> [Exercise]: Take the records below and retype them line by line, from the first line through the one containing "Used 2026 RAM 2500 Big Horn AWD/4WD image 28"; stop there.

> [Records for this task]:
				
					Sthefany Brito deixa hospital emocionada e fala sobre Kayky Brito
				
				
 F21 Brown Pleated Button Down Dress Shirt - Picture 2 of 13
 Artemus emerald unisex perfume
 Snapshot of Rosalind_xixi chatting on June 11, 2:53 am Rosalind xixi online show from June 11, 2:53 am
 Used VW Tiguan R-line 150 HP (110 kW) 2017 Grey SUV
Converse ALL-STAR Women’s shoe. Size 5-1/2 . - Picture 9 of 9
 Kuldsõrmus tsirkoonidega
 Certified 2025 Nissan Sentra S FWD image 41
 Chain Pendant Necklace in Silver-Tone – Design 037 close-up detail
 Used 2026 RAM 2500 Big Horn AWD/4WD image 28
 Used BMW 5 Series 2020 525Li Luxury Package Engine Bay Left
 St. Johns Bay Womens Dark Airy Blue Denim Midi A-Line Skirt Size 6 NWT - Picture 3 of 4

> [Response]:
					Sthefany Brito deixa hospital emocionada e fala sobre Kayky Brito
				
				
 F21 Brown Pleated Button Down Dress Shirt - Picture 2 of 13
 Artemus emerald unisex perfume
 Snapshot of Rosalind_xixi chatting on June 11, 2:53 am Rosalind xixi online show from June 11, 2:53 am
 Used VW Tiguan R-line 150 HP (110 kW) 2017 Grey SUV
Converse ALL-STAR Women’s shoe. Size 5-1/2 . - Picture 9 of 9
 Kuldsõrmus tsirkoonidega
 Certified 2025 Nissan Sentra S FWD image 41
 Chain Pendant Necklace in Silver-Tone – Design 037 close-up detail
 Used 2026 RAM 2500 Big Horn AWD/4WD image 28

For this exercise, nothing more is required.